**** Information supplied

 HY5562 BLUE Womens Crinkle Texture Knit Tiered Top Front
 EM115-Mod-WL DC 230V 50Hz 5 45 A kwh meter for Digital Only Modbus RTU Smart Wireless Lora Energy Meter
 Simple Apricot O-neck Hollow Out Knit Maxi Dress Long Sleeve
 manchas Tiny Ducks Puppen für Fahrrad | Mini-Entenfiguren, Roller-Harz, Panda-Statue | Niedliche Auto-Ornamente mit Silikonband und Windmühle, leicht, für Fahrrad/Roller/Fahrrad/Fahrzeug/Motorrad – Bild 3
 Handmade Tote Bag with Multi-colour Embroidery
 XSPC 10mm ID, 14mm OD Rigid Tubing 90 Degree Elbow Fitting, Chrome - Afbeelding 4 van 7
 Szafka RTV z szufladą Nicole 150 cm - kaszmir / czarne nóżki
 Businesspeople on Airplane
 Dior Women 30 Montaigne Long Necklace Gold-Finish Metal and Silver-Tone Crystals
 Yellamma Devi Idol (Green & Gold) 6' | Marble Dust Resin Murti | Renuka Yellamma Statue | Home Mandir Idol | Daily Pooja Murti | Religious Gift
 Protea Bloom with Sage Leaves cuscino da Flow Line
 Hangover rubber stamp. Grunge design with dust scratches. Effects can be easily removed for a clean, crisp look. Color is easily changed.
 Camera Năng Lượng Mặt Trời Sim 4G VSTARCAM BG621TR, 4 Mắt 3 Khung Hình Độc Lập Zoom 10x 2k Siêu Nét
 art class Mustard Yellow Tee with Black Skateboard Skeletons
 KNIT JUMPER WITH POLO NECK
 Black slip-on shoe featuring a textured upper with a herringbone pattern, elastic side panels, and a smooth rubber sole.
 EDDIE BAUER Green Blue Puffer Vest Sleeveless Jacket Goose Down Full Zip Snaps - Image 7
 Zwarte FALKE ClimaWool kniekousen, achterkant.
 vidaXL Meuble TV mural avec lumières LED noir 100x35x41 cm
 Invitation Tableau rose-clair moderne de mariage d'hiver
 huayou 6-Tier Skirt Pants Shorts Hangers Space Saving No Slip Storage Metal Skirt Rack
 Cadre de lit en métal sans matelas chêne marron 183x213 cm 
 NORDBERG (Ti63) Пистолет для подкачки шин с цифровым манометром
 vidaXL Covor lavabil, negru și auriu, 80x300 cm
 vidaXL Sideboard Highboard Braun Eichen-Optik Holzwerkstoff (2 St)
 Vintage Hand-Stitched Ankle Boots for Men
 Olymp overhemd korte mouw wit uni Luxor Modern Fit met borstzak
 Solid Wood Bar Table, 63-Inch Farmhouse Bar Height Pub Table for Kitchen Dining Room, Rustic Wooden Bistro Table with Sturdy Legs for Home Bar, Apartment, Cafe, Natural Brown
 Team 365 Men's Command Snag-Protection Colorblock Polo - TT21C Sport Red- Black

********

• **What to do**
Every line from the line containing "Black slip-on shoe" through the line containing "Cadre de lit" in the records above must be retyped exactly. Leave out the rest.

• **Exercise solution**
 Black slip-on shoe featuring a textured upper with a herringbone pattern, elastic side panels, and a smooth rubber sole.
 EDDIE BAUER Green Blue Puffer Vest Sleeveless Jacket Goose Down Full Zip Snaps - Image 7
 Zwarte FALKE ClimaWool kniekousen, achterkant.
 vidaXL Meuble TV mural avec lumières LED noir 100x35x41 cm
 Invitation Tableau rose-clair moderne de mariage d'hiver
 huayou 6-Tier Skirt Pants Shorts Hangers Space Saving No Slip Storage Metal Skirt Rack
 Cadre de lit en métal sans matelas chêne marron 183x213 cm 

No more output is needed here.